Categories of expedited regulatory approval programs

	Stages leading to marketing authorization
	Drug development	Review of MAA	Approval of drug
FDA	Fast track designation, breakthrough therapy designation, RMAT designation	Priority review	Accelerated approval
EMA	PRIME	Accelerated assessment	Conditional approval
Program benefits	Promotes and accelerates drug development Rolling review by FDA	Reduces review time of MAA 6 months instead of standard 10 months by FDA 150 days instead of standard 210 days by EMA	Leads to preliminary approval of drug Confirmatory studies planned or ongoing

Abbreviations: EMA, European Medicines Agency; FDA, US Food and Drug Administration; MAA, marketing authorization application; PRIME, PRIority Medicines; RMAT, regenerative medicine advanced therapy.

Categories of expedited regulatory approval programs Rolling review by FDA 6 months instead of standard 10 months by FDA 150 days instead of standard 210 days by EMA Confirmatory studies planned or ongoing Abbreviations: EMA, European Medicines Agency; FDA, US Food and Drug Administration; MAA, marketing authorization application; PRIME, PRIority Medicines; RMAT, regenerative medicine advanced therapy.

RESULTS

Construction of the dataset

A total of 96 new anticancer drugs for which the CHMP of the EMA gave a positive opinion between January 2010 and December 2019 was previously described by Garsen et al. Two drugs (ixazomib and neratinib) were excluded because they initially (i.e., before re‐examination), received a negative CHMP opinion. Nine drugs (asparaginase, cabozantinib [Cabometyx], daunorubicin and cytarabine, dinutuximab beta [Qarziba], everolimus, irinotecan, paclitaxel, pegaspargase, and propranolol hydrochloride) were excluded, as they were not considered as a new active substance in the corresponding European Public Assessment Reports (EPARs; n = 85 new anticancer drugs with a positive CHMP opinion). For 85 new anticancer drugs given a positive CHMP opinion, the FDA database between May 2006 and July 2019 was utilized. Four drugs (pixantrone, tegafur/gimeracil/oteracil, padeliporfin, and lenvatinib [Kisplyx]) were not approved by the FDA, one drug (durvalumab) had a different indication, and two drugs (sipuleucel‐t and tivozanib) had insufficient information on regulatory actions in the FDA database. Two drugs (atezolizumab and idelalisib) were excluded from the analysis as for each drug there was one MAA for two different indications in the EMA database and two MAAs for each indication in the FDA database (n = 76 new anticancer drugs approved by the FDA and the EMA).

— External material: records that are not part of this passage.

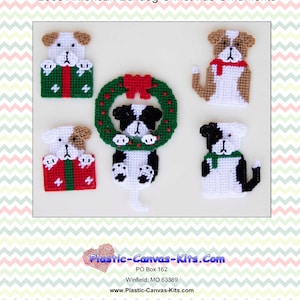 American Bulldog Christmas Ornaments-Plastic Canvas Pattern-PDF Download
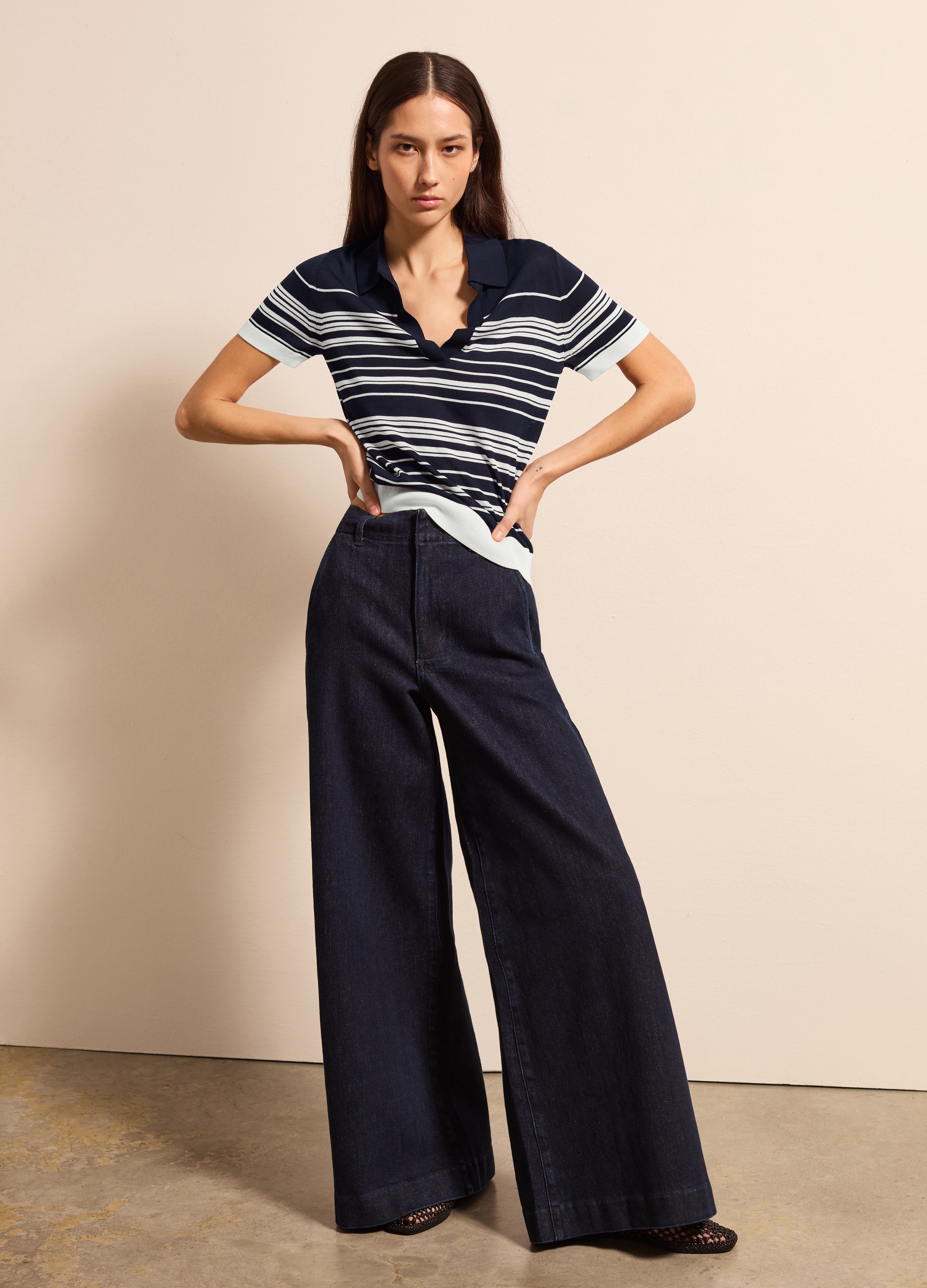 Stefanel - Maglia a righe con scollo a polo, Donna, Bianco/Blu, Taglia XS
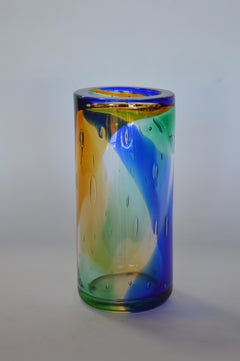 Vase cylindrique bleu ambré et vert ambré de Murano par Camozzo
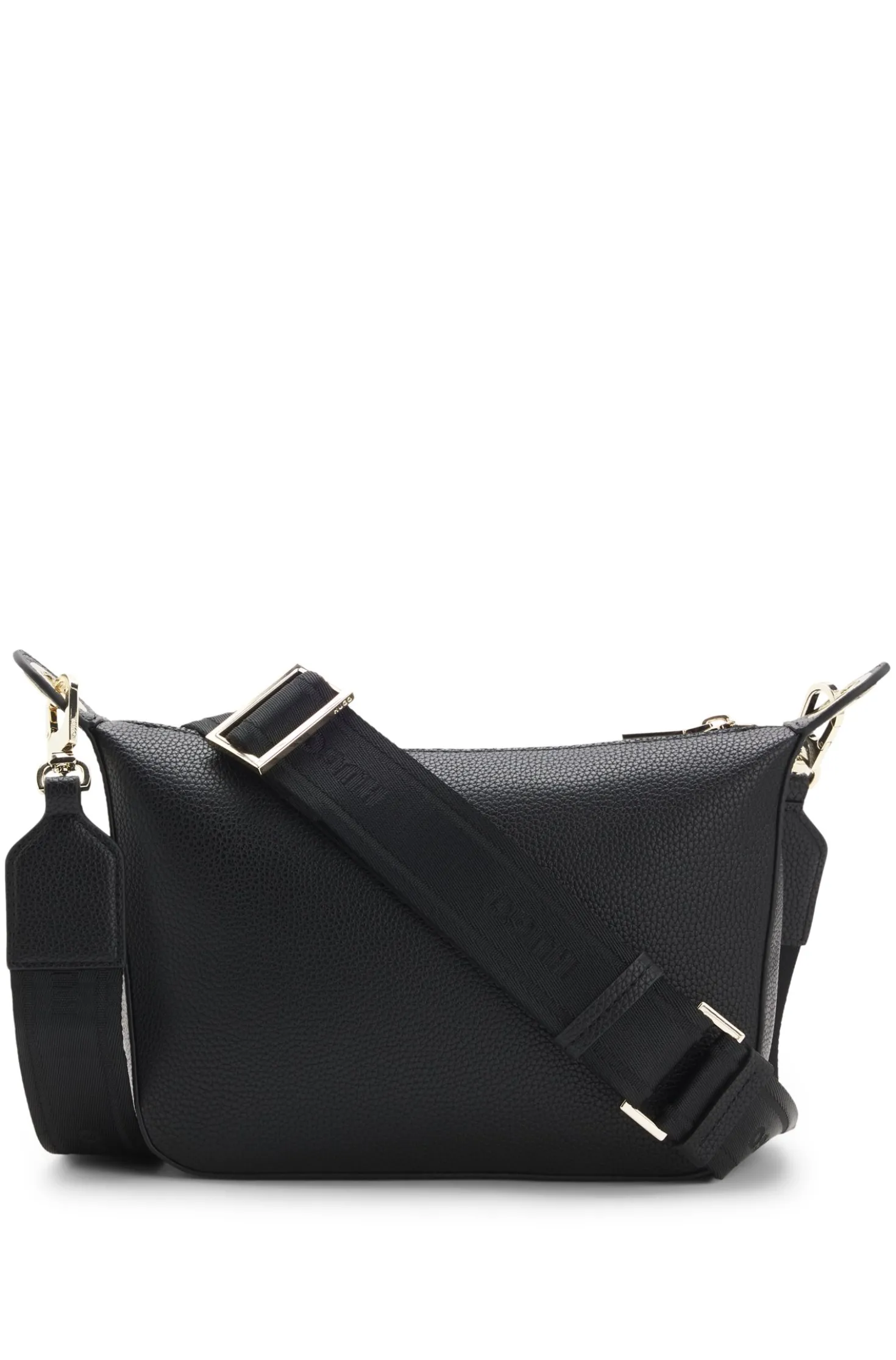 Grained faux-leather shoulder bag with gold-tone hardware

The dataset is composed of 76 new anticancer drugs with both positive CHMP opinion and FDA approval (Figure S1; Table S1).

Date of start of the procedure by the EMA and date of submission of the MAA to the FDA

The date of start of the procedure by the EMA in the European Union and date of submission of the MAA to the FDA in the United States were comparable, except for gilteritinib, palbociclib, carfilzomib, and decitabine (335, 372, 1249, and 2045 days later in the European Union, respectively). The MAAs for 63 drugs were submitted to the FDA before the start of procedures by the EMA, whereas for 13 drugs, the MAAs were submitted to the FDA after the start of procedures by the EMA. The submission of MAAs to the FDA occurred 44 days (median) before start of procedures by the EMA.

Review time of MAA and type of product

The review time of MAAs was 201 days (median) in the United States and 337 days (median) in the European Union. The typical review time of MAAs for new anticancer drugs was 136 days longer in the European Union than in the United States. About two‐thirds of the products were small molecules (n = 49), whereas one‐third of the products were biotechnology‐derived products (n = 27). The type of product (i.e., small molecule or biotechnology‐derived product), did not have a high impact on the review time (Figure 1).

FIGURE 1

Review time of MAA for new anticancer drugs (small molecules and biotechnology‐derived products) by the FDA and the EMA. Data are presented as median ± standard error of the median (SE). Small molecules (n = 49) and biotechnology‐derived products (n = 27). EMA, European Medicines Agency; FDA, US Food and Drug Administration; MAA, marketing authorization application.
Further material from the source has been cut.